I identify myself with these people. That fact, combined with my love of reading, makes any reading list a dangerous black hole that can be printed out and meticulously notated with which ones I have read and which I have still to conquer. They’re all the same: an enthralling, lovely time-suck.
Except the ones that have deadlines. That’s right. Collegeboard.com’s “101 Books to Read Before College”.
Aha! says my neurotic list maker. A challenge! I will rise to the occasion! (Three years later and I’m a sophomore with less than half the list checked off…) But really, who has the authority to tell us what to read? What makes these 101 books so vital to a successful college career? LET’S FIND OUT.
Going in no particular order, I’m going to start with a favorite of mine and one of the few on the list that I had already read: “To Kill a Mockingbird.” My dad read this to my sister and me when we were eight and twelve, entirely forgetting that an essential theme of the book deals with the rather confusing issue of rape.
“What’s rape?” asked my sister.
I, the seasoned twelve-year-old, looked away in mortification of her ignorance.

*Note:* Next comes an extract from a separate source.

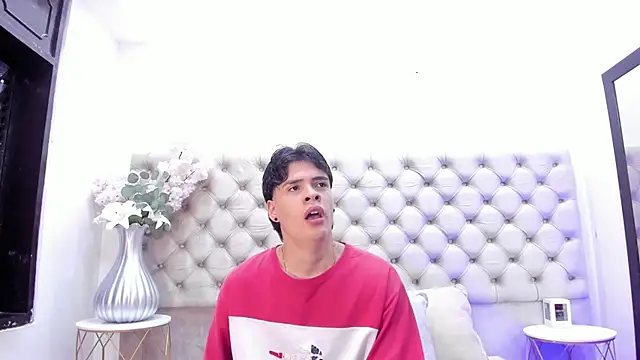 BenitoSaenz online show from November 6, 11:00 am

My dad stumbled over some obscure definition that neither of us understood and closed the book, muttering, “How did I forget about that?” to himself. Little did we know that we were pretty much acting out a scene in the book in which Scout asks Atticus the same thing and he responds in a similar way.
But now that I’ve gone back and read “Mockingbird,” I don’t blame my dad for forgetting. It’s a disjointed book, written in a very choppy, episodic manner. Like “The Jungle Book,” every chapter is its own separate entity. It’s like a photo album: a collection of snapshots. And, like all great books, it has the ability to keep growing and leaping out of the pages even when you close it.
Rape, racism, murder and lies viewed through the equalizing eyes of children: definitely a good book to read for people transitioning from youth to adulthood but inheriting what (sadly) appears to be the same world. If we don’t have Atticus to protect us anymore, the book asks, what do we do?